En ce qui concerne l'Ukraine, les compromis consisteraient d'abord en une renonciation définitive d’adhérer à l'OTAN, le pays  s'engageant plutôt à adopter un statut de neutralité, comme l'Autriche par exemple, sans préjudice de la clause de défense commune du traité de l'Union européenne. Ils consisteraient également en la reconnaissance d'un rattachement  définitif de la Crimée à la Russie, reconnaissance  selon toute probabilité non négociable pour la Russie. 

Il en serait probablement de même pour la reconnaissance des deux Républiques populaires de Donetsk et de Louhansk, rattachées à la Russie, sous réserve d'un référendum de ratification par les populations concernées dans les deux républiques autonomes. 

Enfin, ils pourraient consister – plus pour la galerie que sur le fond – en un engagement pour l'Ukraine d'interdire toute organisation d'extrême droite à l'avenir, un engagement de nature constitutionnelle, comme dans le cas de l'Allemagne. 

Cependant, pour qu'un tel accord puisse voir le jour, le rôle central de l'Union européenne  et des capitales de l’Europe de l’Ouest – en tant que parties prenantes au conflit, tant sur le plan matériel que politique – ne saurait être sous-estimé. 
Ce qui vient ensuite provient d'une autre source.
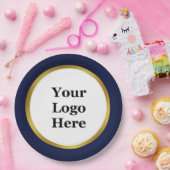 Elegant Dark Blue White en Gold Your Logo hier Papieren Bordje (Feest)
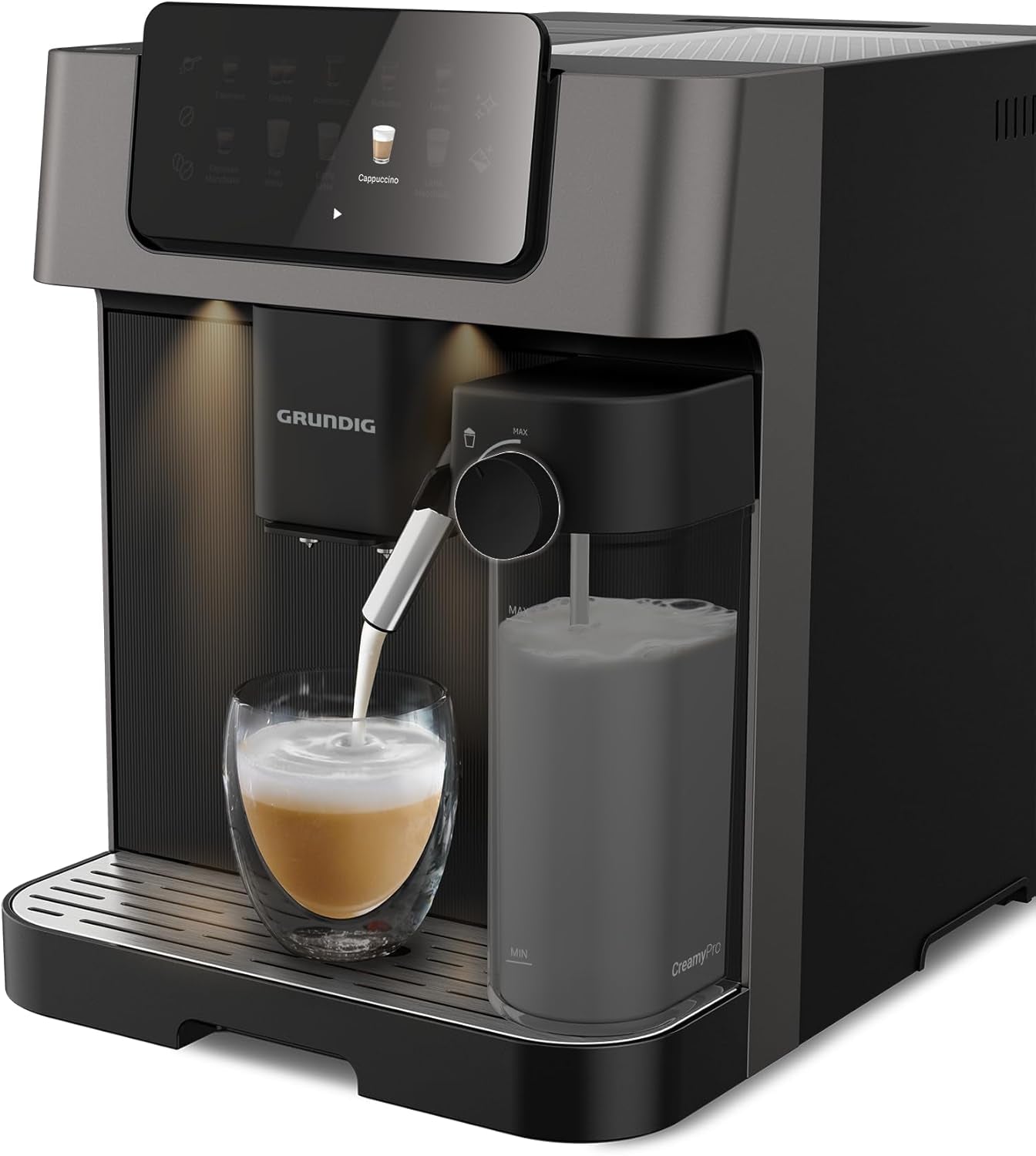 GRUNDIG KVA 6230 Espressovollautomat mit Milchaufschäumer, Edelstahlmahlwerk mit 13 Mahlstufen, Bohnenbehälter 250 g, abnehmbarer Wassertank 2 Liter, Pumpendruck 19 bar, Touch-Display, schwarz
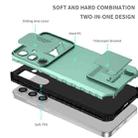 For Samsung Galaxy S24 FE 5G Stereoscopic Holder Sliding Camshield Phone Case(Light Green) - 3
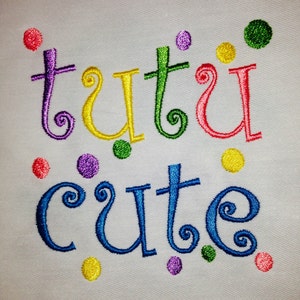 TuTu Cute Machine Embroidery Design Instant Download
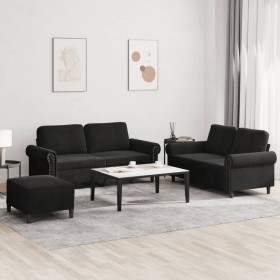 3-piece black velvet sofa set with cushions by , Sofas - Ref: Foro24-3202225, Price: 564,28 €, Discount: %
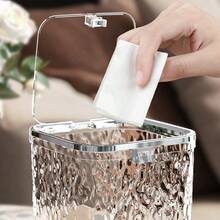 1pc Transparent Glacier Pattern Desktop Trash Can With Lid, Mini Car Trash Can, Desk Organizer Waste Bin With Press Down Lid - Transparent - View 4
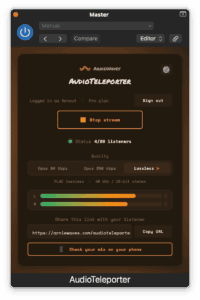 AudioTeleporter free VST3 plugin for remote DAW mix streaming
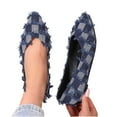thumbnail image 6 of Blue Women Denim Flats With Pointed Toe For Comfortable Walking Shoes And Casual Style In Warm Weather, 6 of 9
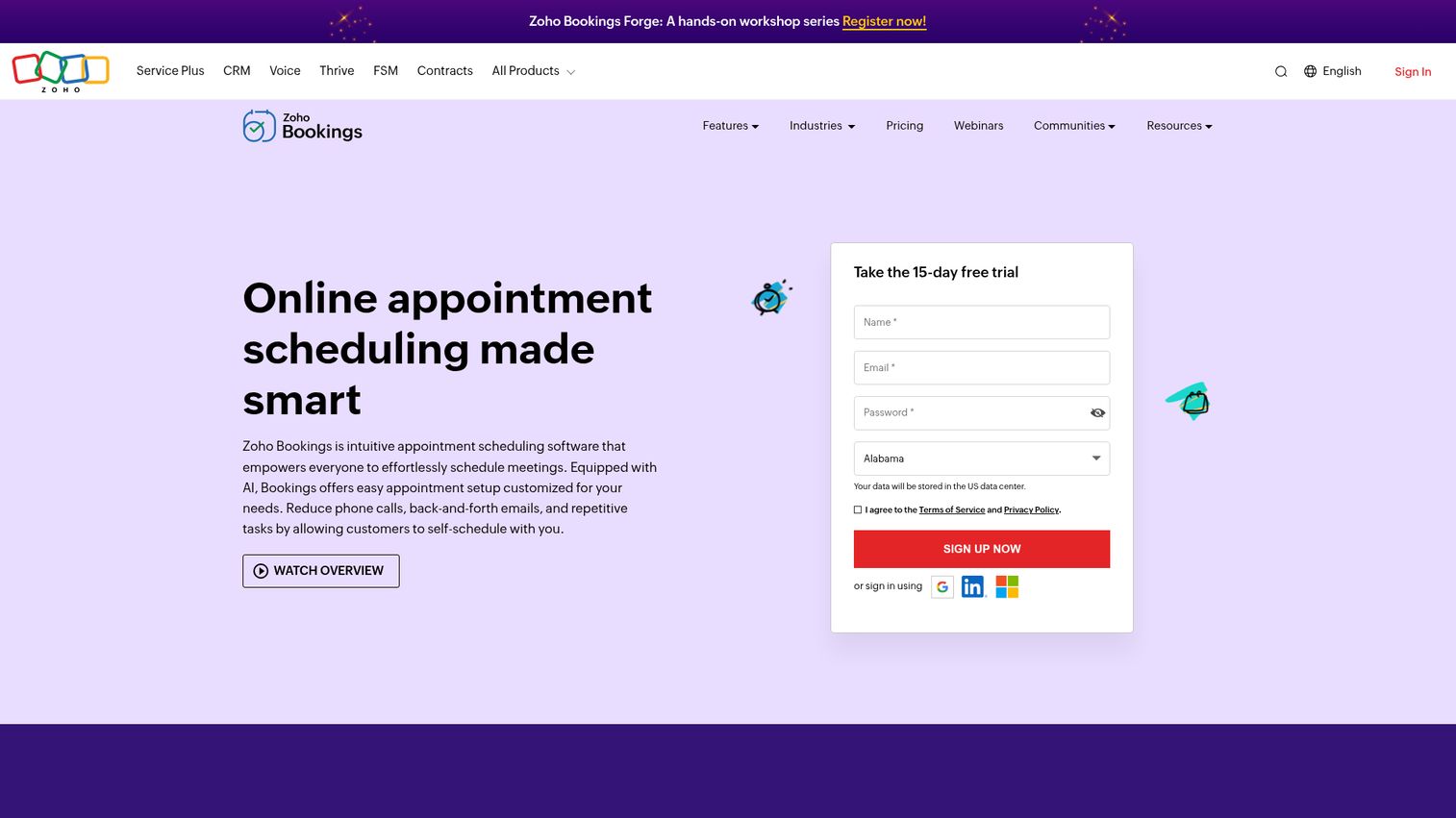 Zoho Bookings homepage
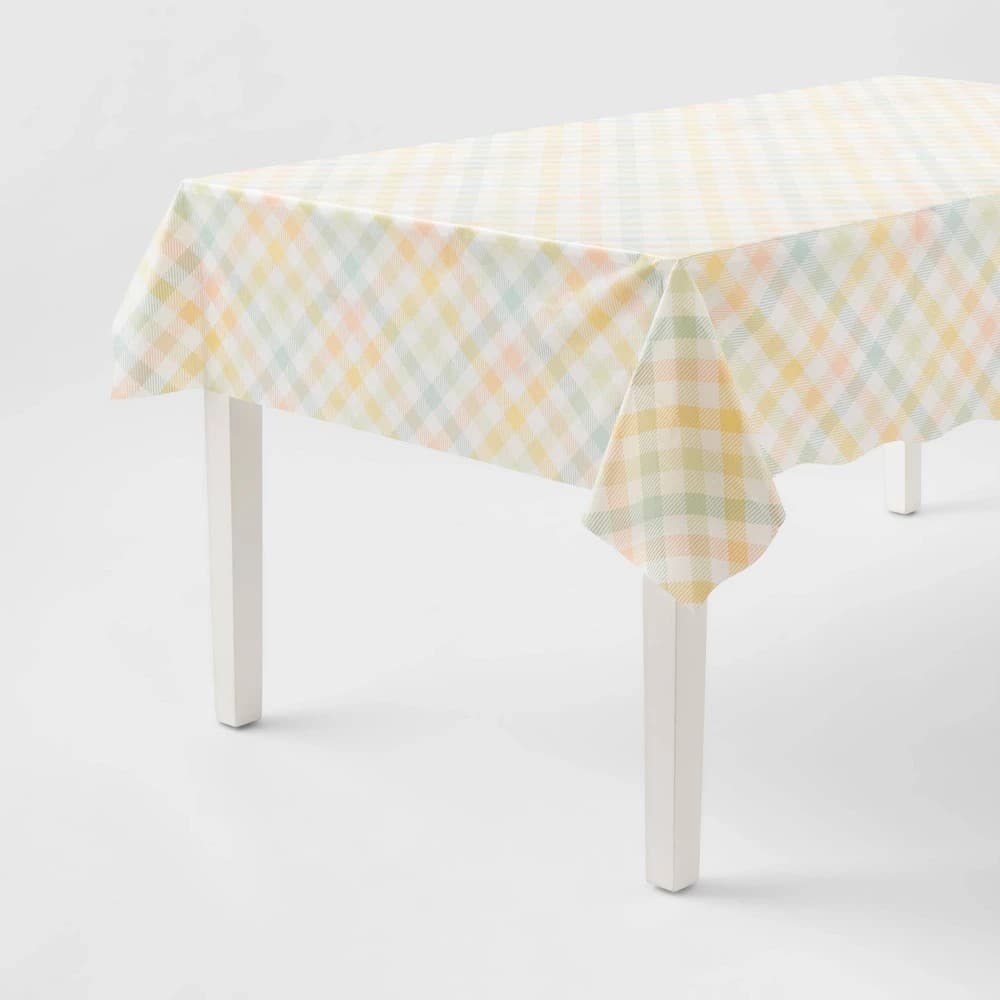 1ct Easter Pastel Gingham Plaid Table Cover - Spritz - Thumbnail 3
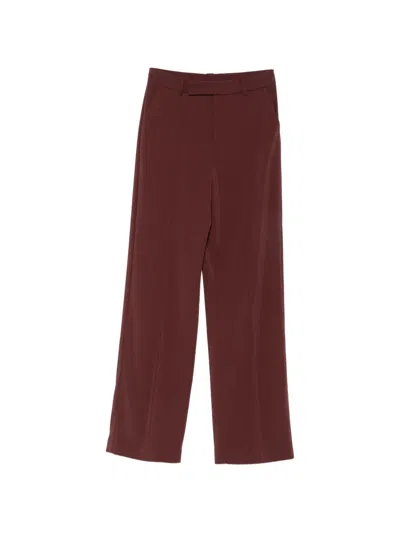 Patrizia Pepe Tailored Straight-leg Trousers In Brown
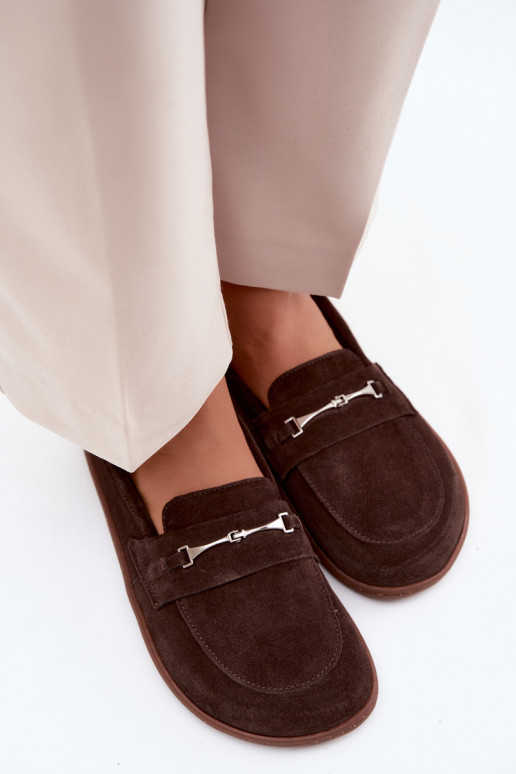 Suède barefoot mocassins Zazoo 322, chocolade kleur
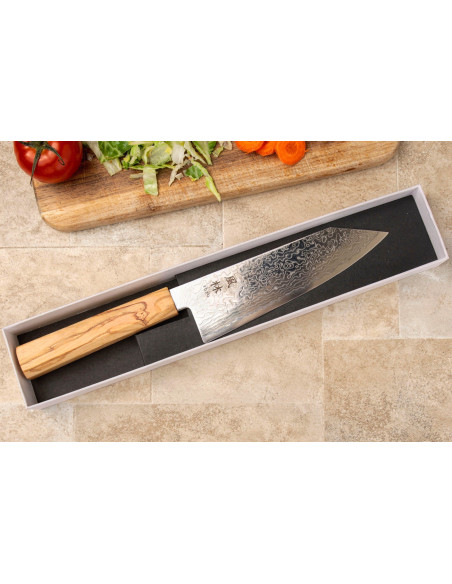 18cm Yuzo Ryuho SG2 Damasco cuchillo japonés bunka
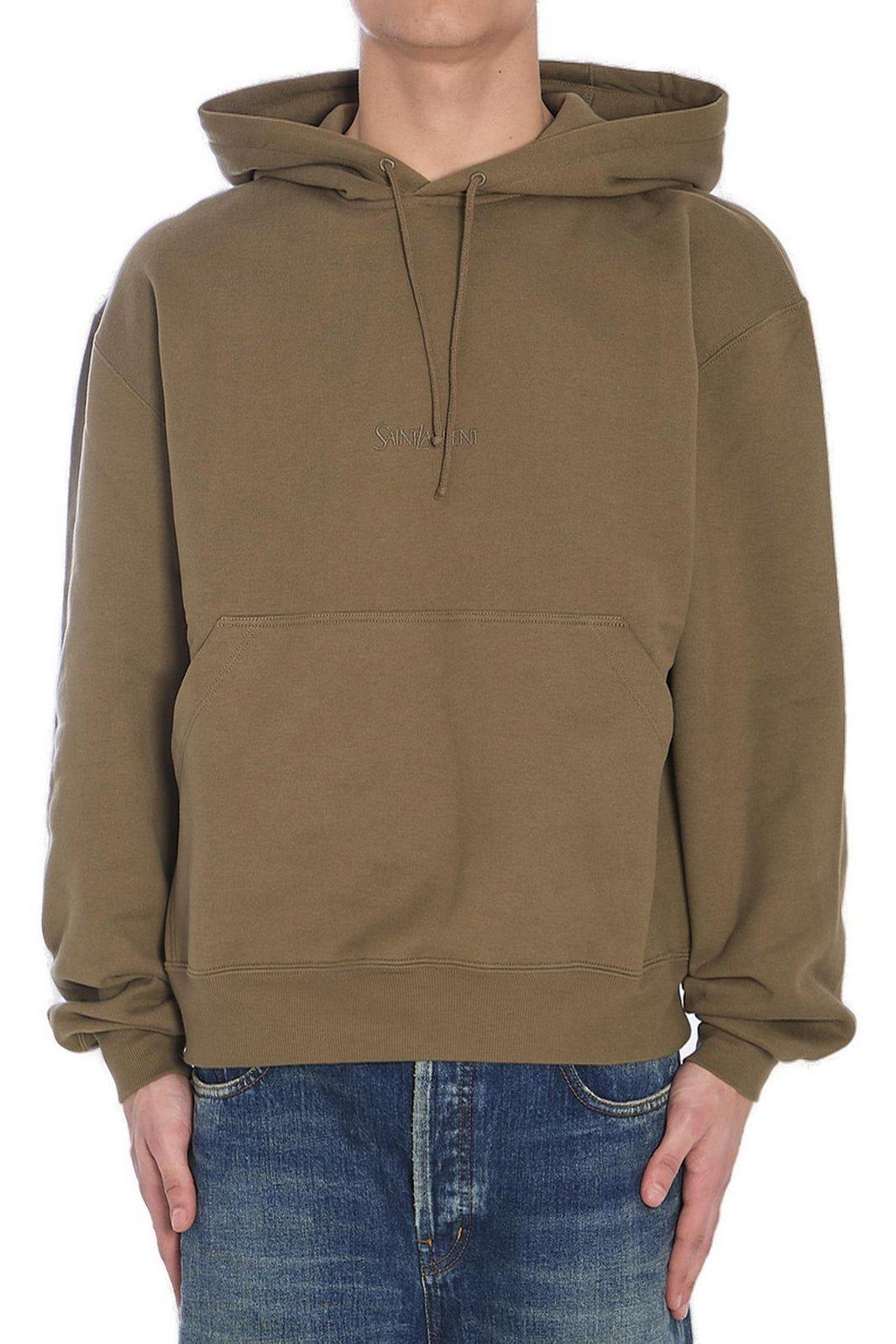 Logo Embroidered Drawstring Hoodie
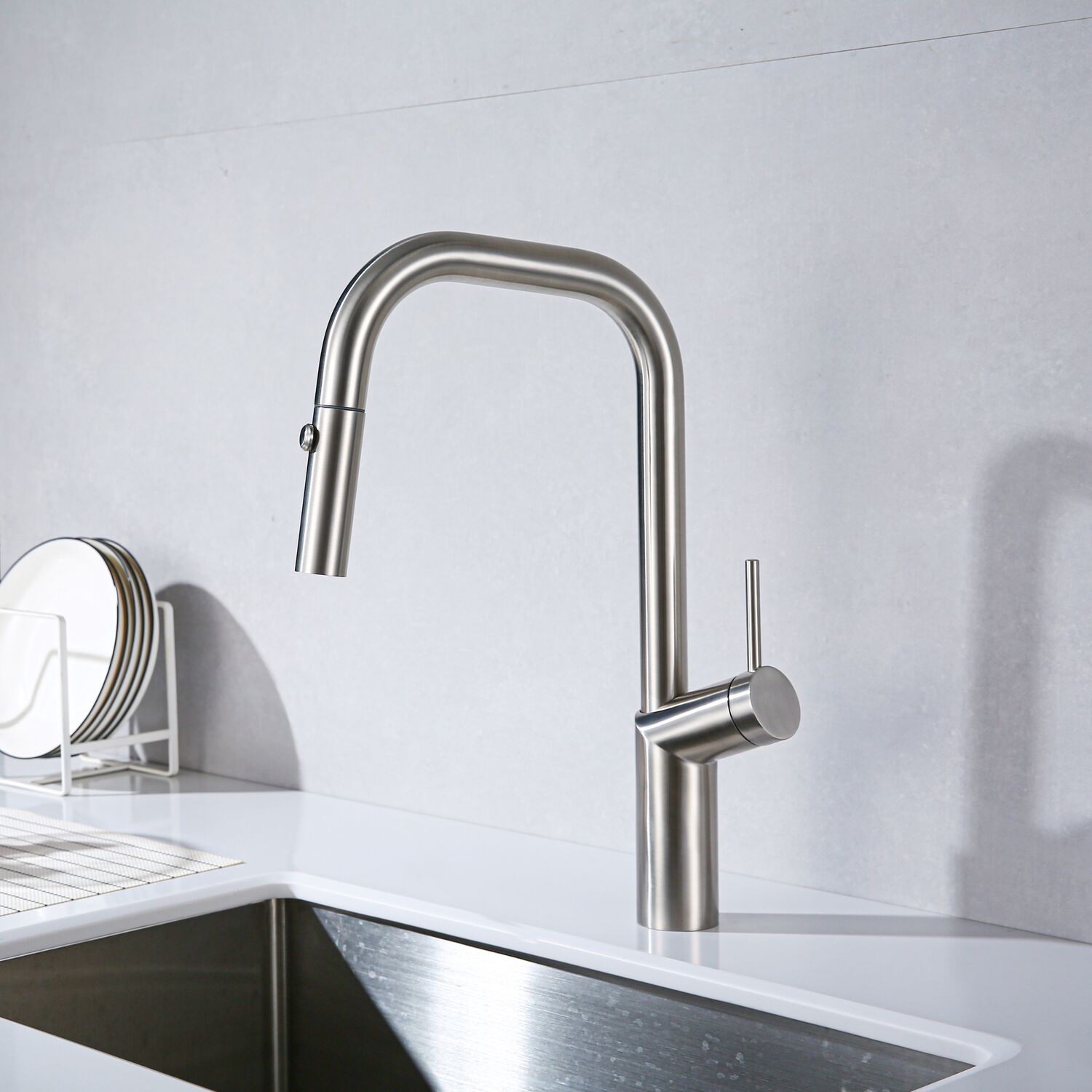 Смеситель Vincea VKF-107BN для кухни, с выджвижным изливом, цвет брашированный никель - фото 1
Renouer le dialogue avec Moscou

C'est précisément pour cette raison qu'il serait  impératif que les capitales européennes  renouent le dialogue avec Moscou, arretant une position commune face à Poutine, même si ce dernier persiste à faire la sourde oreille à leurs appels. Après tout, tôt ou tard, la Russie devra bien se rendre compte que rien ne saurait être réglé sans le concours  de l'Europe occidentale.   

Deux exigences 

Sur le fond, une paix durable entre l'Ukraine et la Russie exigerait des compromis de part et d’autre qui scellent la souveraineté de l’Ukraine et garantissent sa sécurité, tout en répondant aux exigences de la Russie en matière de  sécurité et de reconnaissance des réalités géopolitiques et territoriales qui découlent de son histoire. 

En fin de compte, un engagement renouvelé et unifié de l'UE avec la Russie serait essentiel pour garantir une stabilité et une coopération durables sur l'ensemble du continent. 

A.F. 08 2025

Cet article s'appuie sur l'article récemment publié par le même auteur intitulé « La sécurité européenne à l'ère de Trump et de Poutine », un document de réflexion sur la paix, FOGGS Papers, et I-Dialogos. juin 2025.